### WORK ITEM:
Return the records below exactly; pictures stay out.
▼
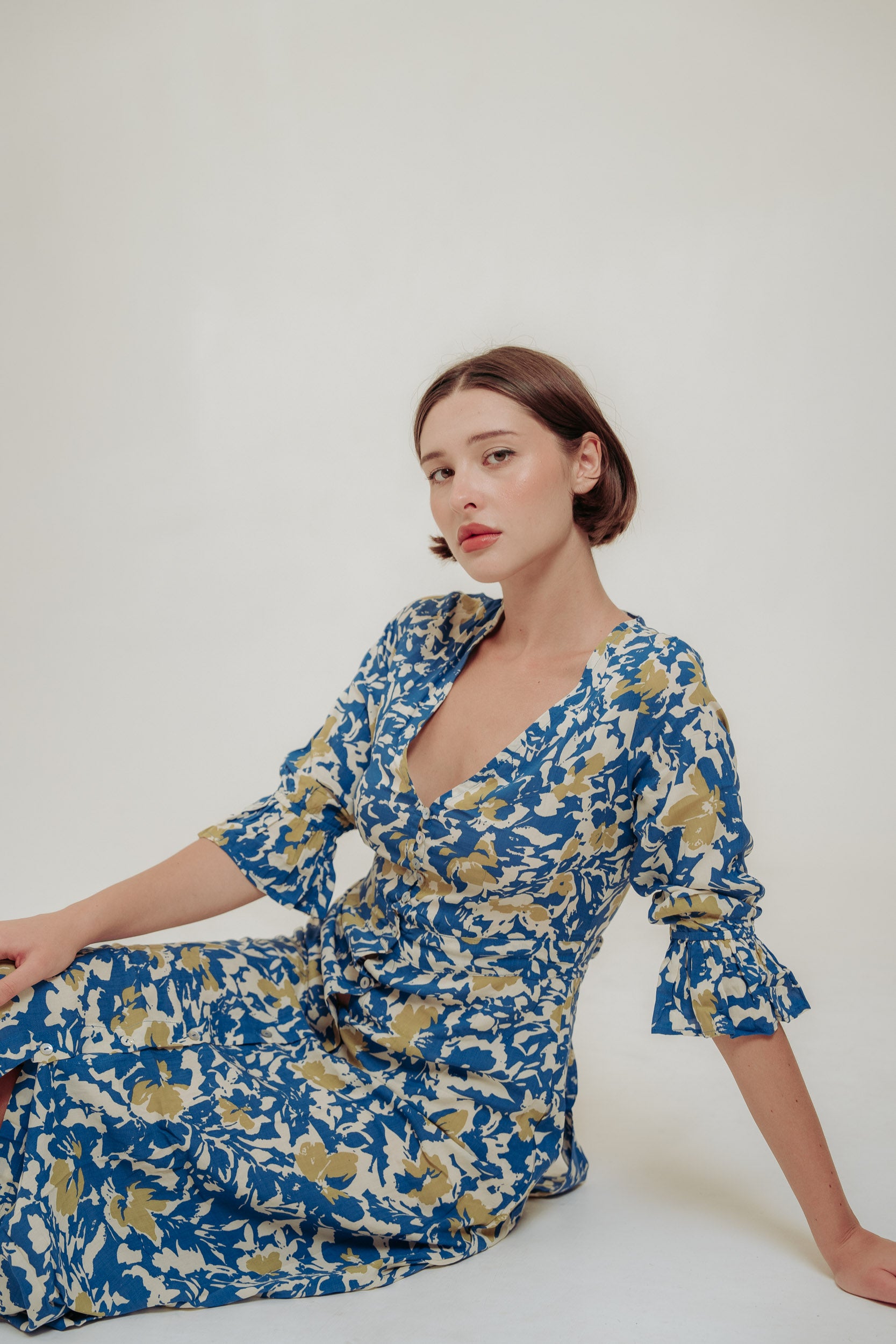 Floral Long Dress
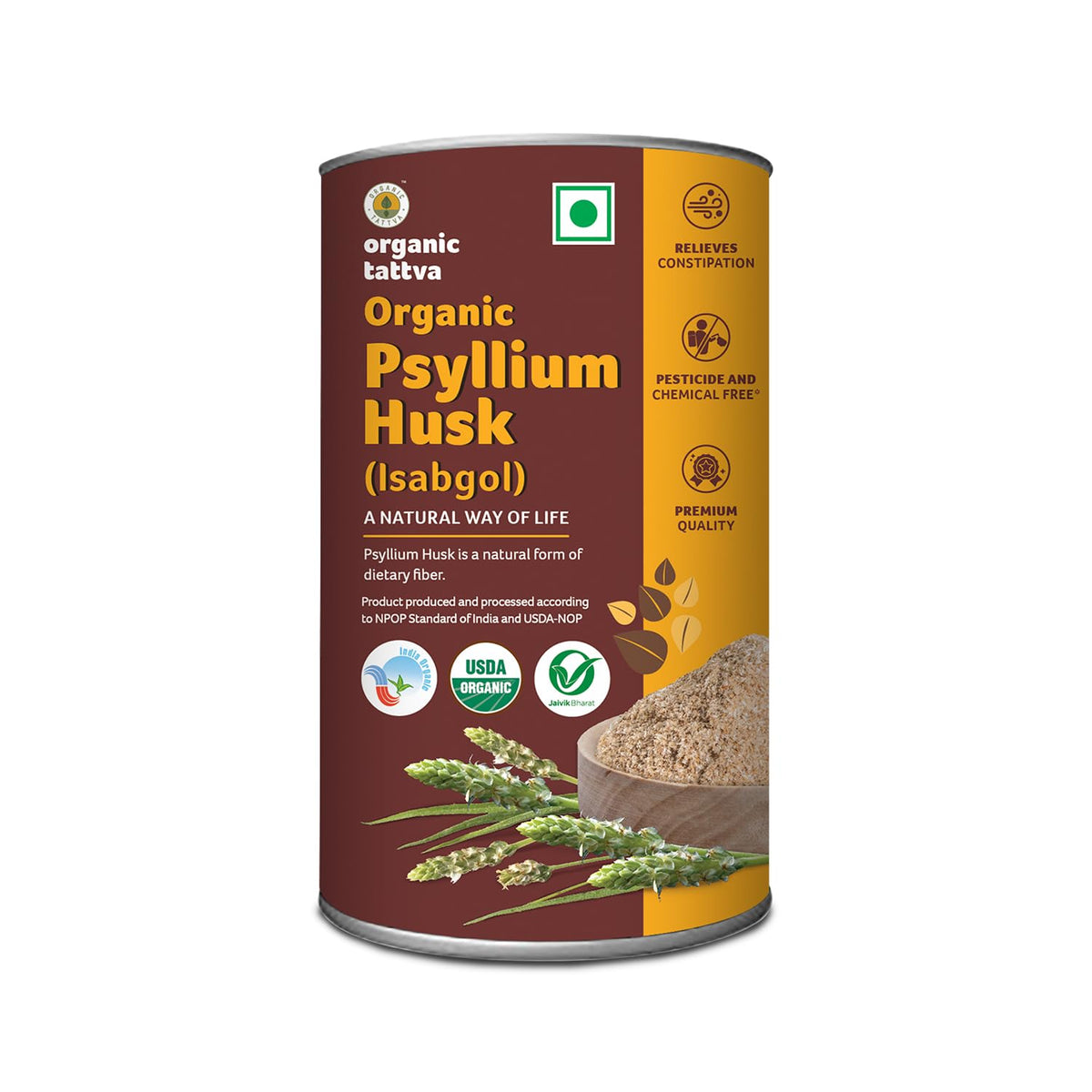 Organic Tattva Psyllium Husk 100g
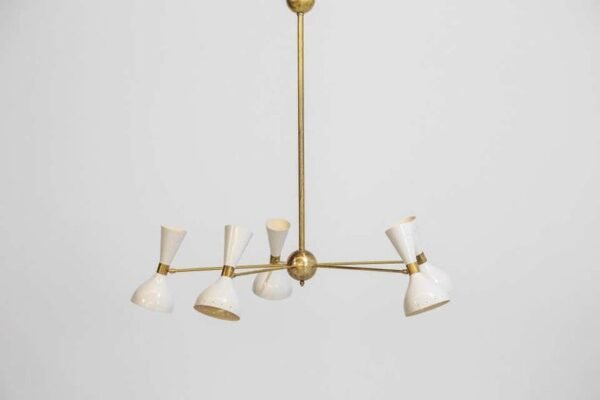 Sputnik Style 5 Arm Modern Brass Sputnik Chandelier - Image 2
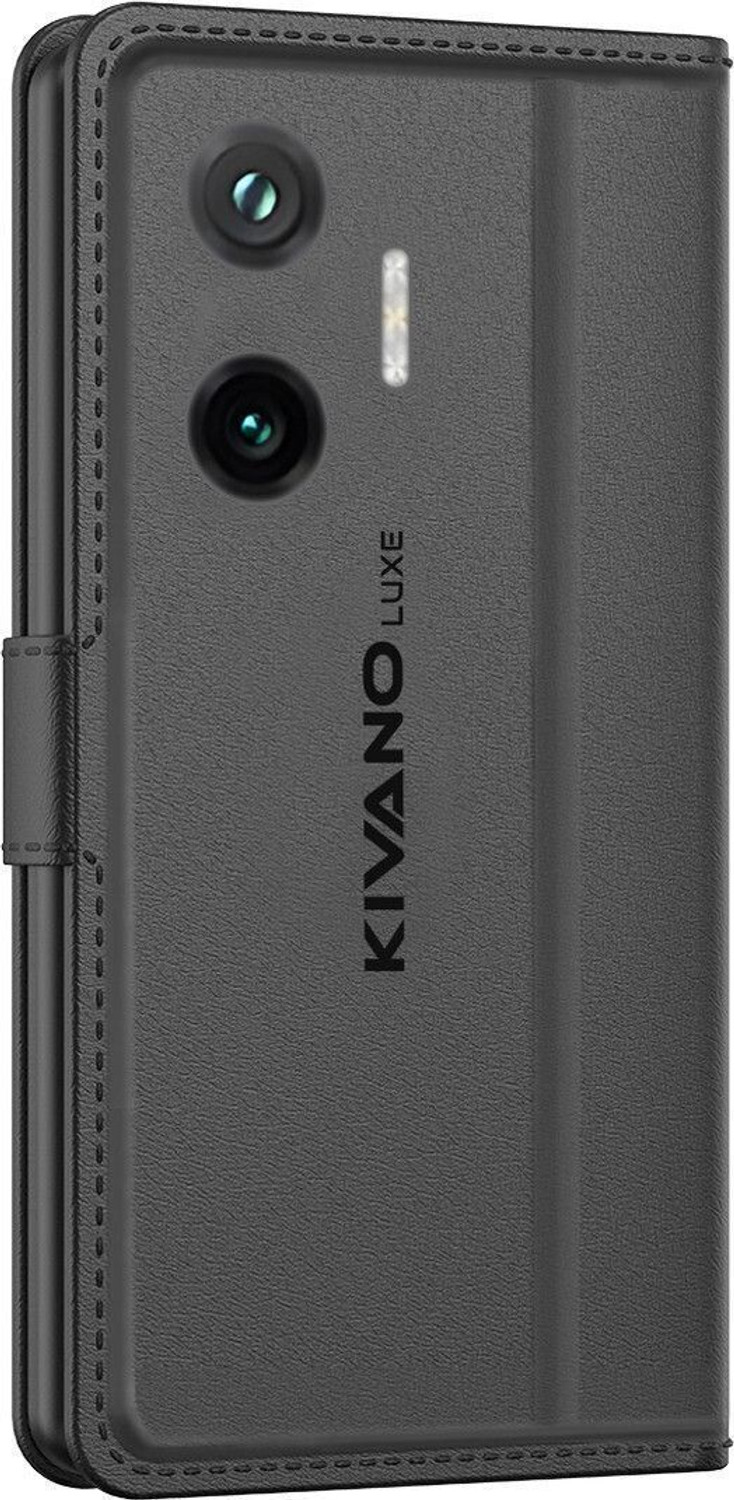 Image of KIVANO LUXE Flip Cover for Poco F7 5G|Premium Leather|Magnetic Closure|Stand function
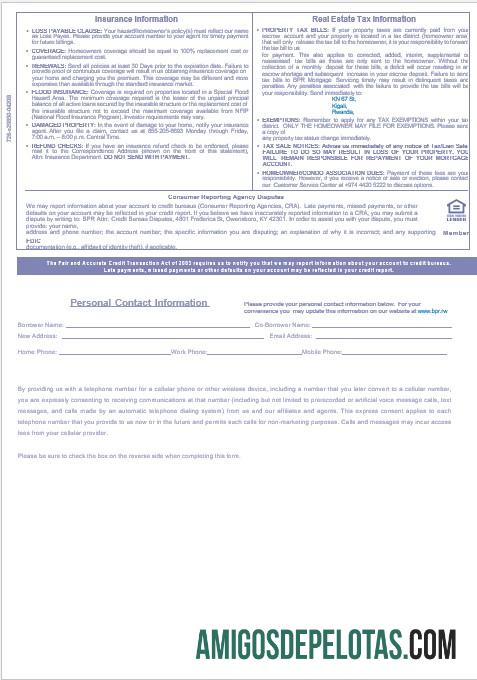 Extrato de hipoteca do banco BPR de Ruanda em formatos Word e PDF 3 exemplo real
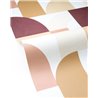 Papier peint géométrique rouge esprit rétro · Caselio Forma 107848080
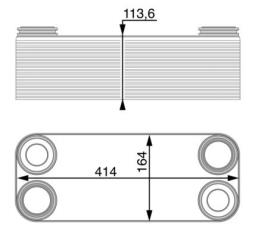 Oil Cooler, automatic transmission Mahle CLC14000P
▲
### RESULT OF THE EXERCISE:
 Floral Long Dress
 Organic Tattva Psyllium Husk 100g
 Sputnik Style 5 Arm Modern Brass Sputnik Chandelier - Image 2
 Image of KIVANO LUXE Flip Cover for Poco F7 5G|Premium Leather|Magnetic Closure|Stand function
 Extrato de hipoteca do banco BPR de Ruanda em formatos Word e PDF 3 exemplo real
 Papier peint géométrique rouge esprit rétro · Caselio Forma 107848080
 Oil Cooler, automatic transmission Mahle CLC14000P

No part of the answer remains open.